HISTÓRIA DO 1953 RÉPLICA JAGUAR XK 120

Em 1948 a marca concluía o desenvolvimento de um novo chassi, cuja principal inovação era a suspensão independente na dianteira, e de um novo motor, batizado de XK. O nome vem da designação adotada pela Jaguar durante a guerra. Todos os motores desenvolvidos nesse período recebiam a letra X, de experimental, e a letra seguinte correspondia à sequência dos motores, que no caso foi K.

O XK 120 foi o primeiro Jaguar lançado após a Segunda Guerra, representando uma quebra de paradigmas, tanto para o Jaguar quanto para os esportivos, ainda no final dos anos 40. O Jaguar antes da guerra produzia automóveis “nem tão esportivos”. O 120 em sua denominação indica a velocidade máxima em milhas por hora (equivalente a quase 200 km/h). Era o automóvel mais rápido em produção naquela época, foi um estrondoso sucesso, tendo sido adquirido por muitas celebridades das artes, da música e do cinema!

Esse motor possuía seis cilindros em linha, 3.442 cm³ e carburadores duplos SU. Tinha seu segredo no virabrequim de aço apoiado sobre sete mancais. Além disso, foi o primeiro motor em série a possuir câmaras de combustão hemisféricas e duplo comando de válvulas no cabeçote – de alumínio, por sinal. Entre as virtudes do motor estavam à confiabilidade e a resistência. Entre as desvantagens, o XK se mostrava bastante complexo em manutenção – algo talvez peculiar aos carros europeus, mais notadamente os britânicos. Com tudo isso gerava 160 CV de potência a 5.100 RPM. Havia sido inicialmente concebido para equipar um sedã de grande porte, o Mark VII, que, contudo não estava pronto e só sairia das linhas de montagem em 1950. A Jaguar tinha então um chassi excelente e um motor espetacular – mas nenhum carro para utilizá-lo, muito menos um carro esporte.

O carro foi finalmente apresentado em outubro de 1948 no Earl’s Court Motor Show, em Londres, com o nome de Jaguar Super Sports. Utilizando uma versão reduzida do chassi destinado ao Mark VII e o novíssimo motor XK, o Super Sports possuía suspensão dianteira independente, com braços triangulares e barra de torção, e traseira de eixo rígido, com feixe de molas semielíticas e amortecedores da marca Girling.
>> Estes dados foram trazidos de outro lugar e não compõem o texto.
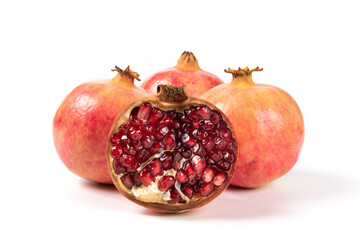 open pomegranates, and pomegranate seeds isolated on white background.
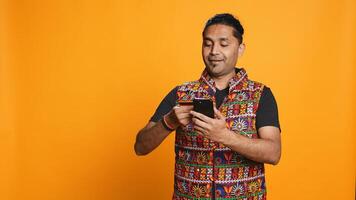 Man adding payment method on phone website, delighted to take advantage of promotions, studio background. Person thrilled to do internet shopping, typing credit card data on smartphone, camera B photo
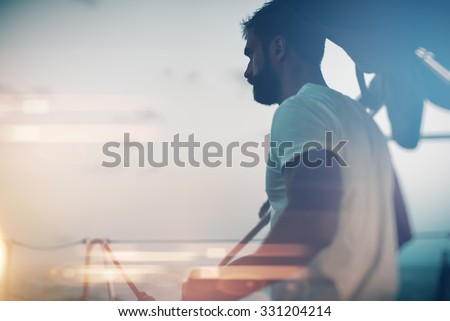 Portrait of young bearded man standing on a yacht and looking at the horizon. Visual effects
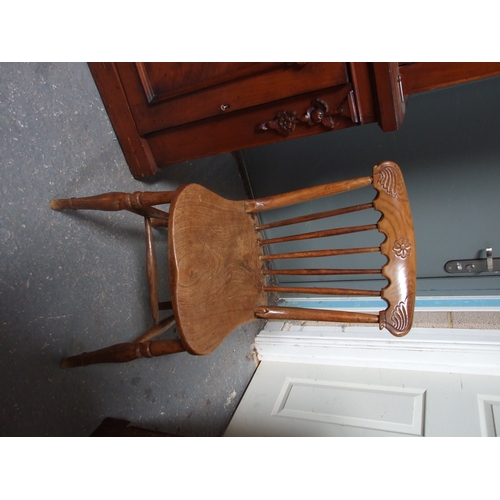 685 - Three elm and fruitwood kitchen chairs on turned legs joined by a stretcher (3).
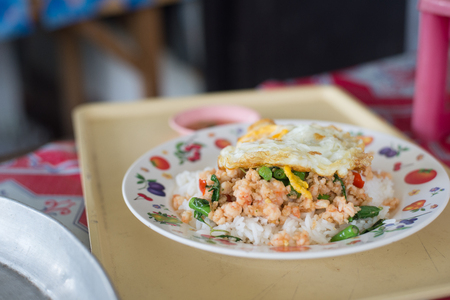 Rice topped with stir fried minced pork and basilの写真素材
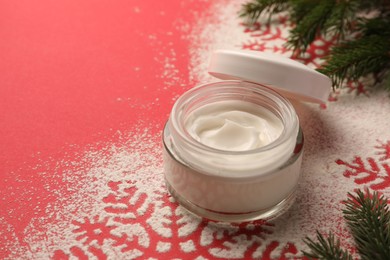 Winter skin care. Hand cream near snowflake silhouettes made with artificial snow and fir branches on red background, closeup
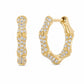 A pair of gold hoop earrings designed to look like bamboo stalks, paved with clear round-cut stones, shown on a plain white background.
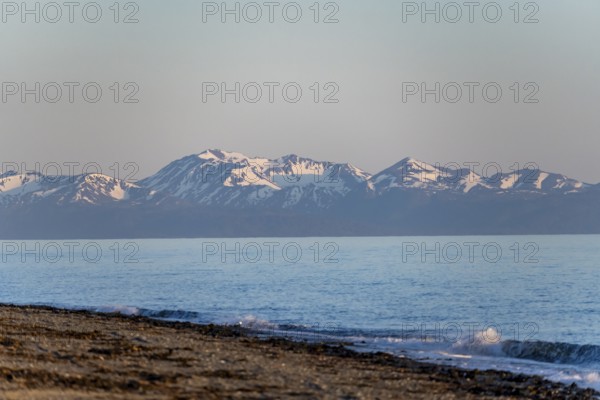 Anchor Point beach on Cook Inlet in the evening light, snowy mountain peaks of the Kenai Peninsula,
Os XK 120 e seus sucessores foram sempre produzidos em três versões: a versão roadster, a versão hardtop, ou com teto rígido, e a versão conversível. A versão roadster não apresenta à mostra (ou não tem mesmo) uma cobertura para proteção dos passageiros em caso de chuva. A versão conversível traz essa proteção à mostra.

O interior do XK 120 é um interior tipicamente britânico, com os instrumentos concentrados na parte central do painel. As linhas do Jaguar XK, e especialmente as linhas do XK 120, resistem ao tempo de uma maneira tão incisiva que esse modelo é atualmente um dos preferidos entre os replicadores ao redor do mundo. Juntamente com os Porsche 550 Spyder e os Shelby Cobra, é um dos esportivos mais replicados!
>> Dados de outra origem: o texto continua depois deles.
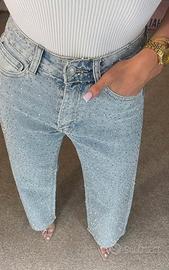 Jeans denim glitterati con strass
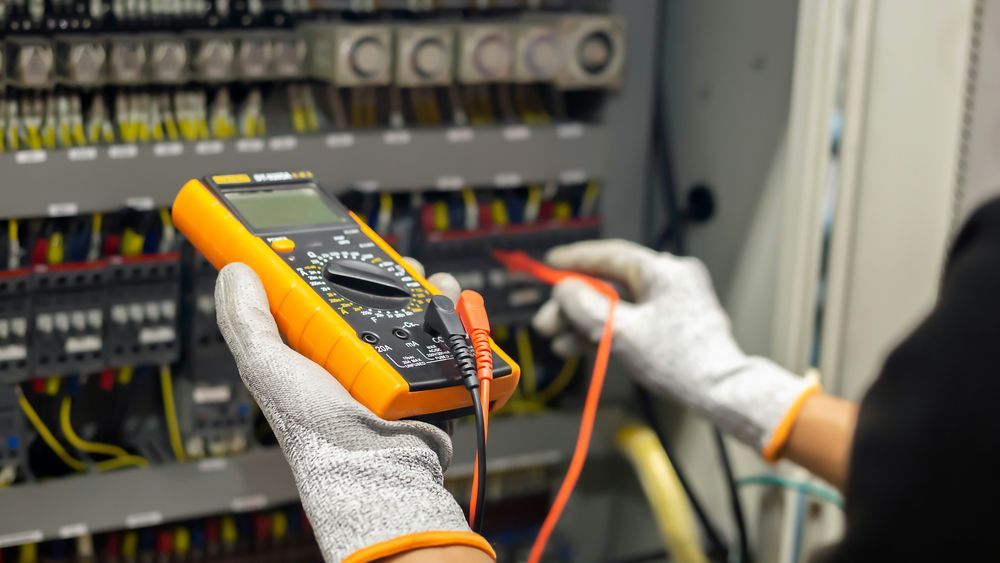 Person Wearing Gloves Using a Multimeter to Test Electrical Wiring in a Control Panel — DC Active Electrical in Geebung, QLD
Na segunda metade dos anos 80, uma réplica do XK 120 chegou a ser produzida em pequena quantidade pela empresa Bola, o Fera 4.1, com motor seis-cilindros 250S de Opala e carroceria em plástico reforçado com fibra-de-vidro. Era bastante fiel ao original, inclusive em disposição básica dos elementos mecânicos, mas a reabertura das importações liquidou este e outros modelos produzidos por pequenos fabricantes nacionais.